Alterações em alíquotas do IOF produzem, automaticamente, elevações ou reduções de arrecadação. Daí ser difícil determinar se a mudança objetivou mexer com a receita ou teve apenas caráter regulatório, de ajuste nas condições econômicas. Este é o centro do embate do momento entre Executivo e Legislativo.

Alterações em alíquotas do IOF afetam todas as operações financeiras, das mais sofisticadas estruturações de derivativos até as mais corriqueiras, como os empréstimos pessoais e as compras com cartão de crédito. Embora a maior parte das operações afetadas por mudanças no IOF atinjam pessoas (e empresas) de maior poder aquisitivo, se pobres contraem empréstimos ou usam cartões de crédito também são prejudicados.

Vigente, sob diversos formatos, em número grande de países, sejam os mais ricos ou, sobretudo, emergentes, o IOF é um tributo crescentemente criticado em fóruns econômicos internacionais. A recomendação para que seja eliminado decorre de duas constatações em relação às elevações do imposto.

A primeira é que as mexidas no tributo mantêm em vigor sombras do indesejado controle de capitais externos. Como ferramenta de controle de capitais, o IOF é mal visto pela OCDE (Organização para Cooperação e Desenvolvimento Econômico).
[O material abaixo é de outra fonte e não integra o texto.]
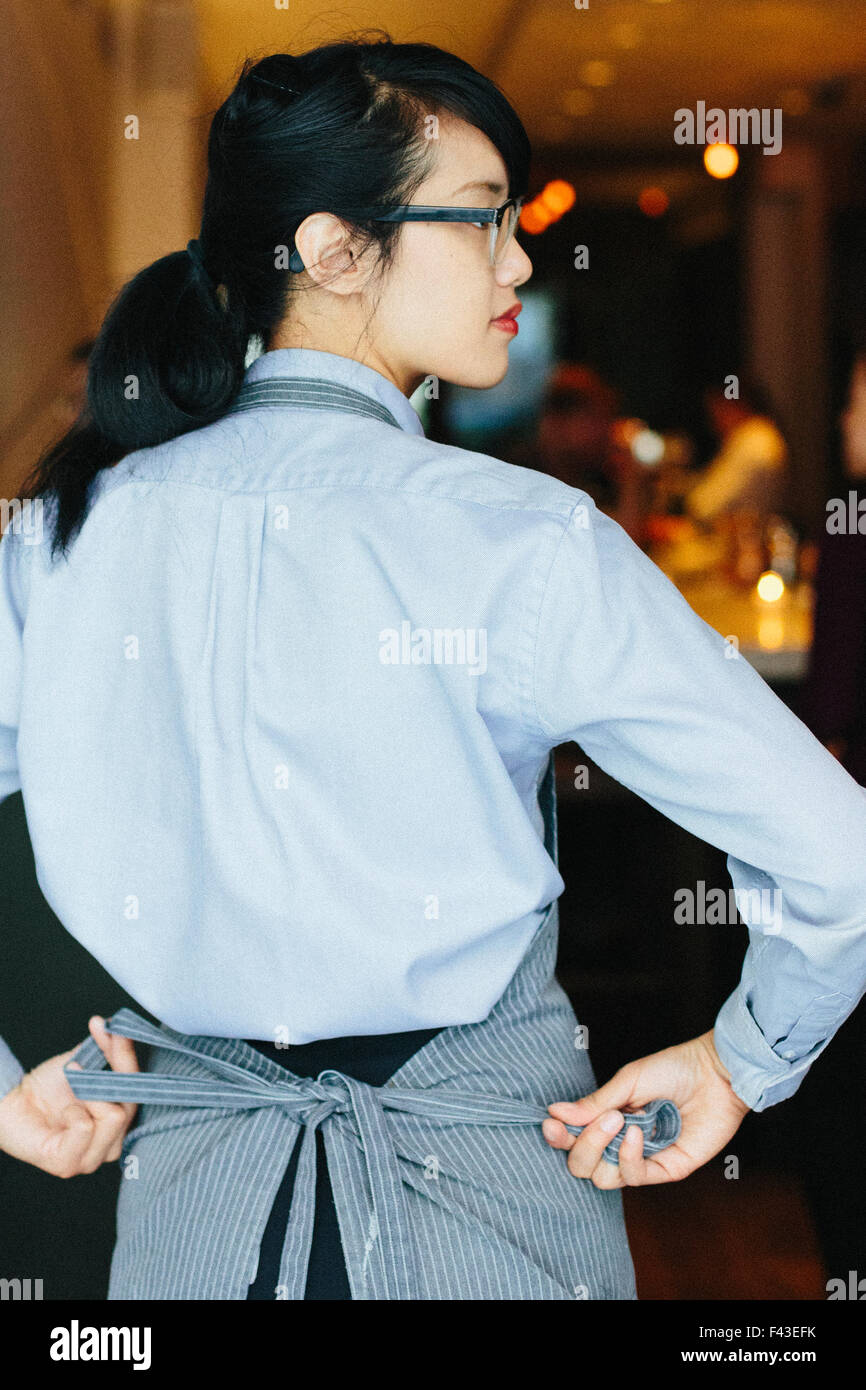 Young waitress tying her apron at a city restaurant Stock Photo Alamy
No processo de ingresso no chamado "clube dos países ricos" —que tem aceito cada vez mais emergentes em suas fileiras —, o Brasil se comprometeu a zerar alíquotas de IOF até 2028.

A outra rejeição do IOF, mais concreta, se prende ao fato de que elevações do tributo, mesmo quando usadas para robustecer políticas monetárias restritivas de combate à inflação, encarecem o crédito, colaborando, em consequência, para inibir a atividade econômica e o emprego.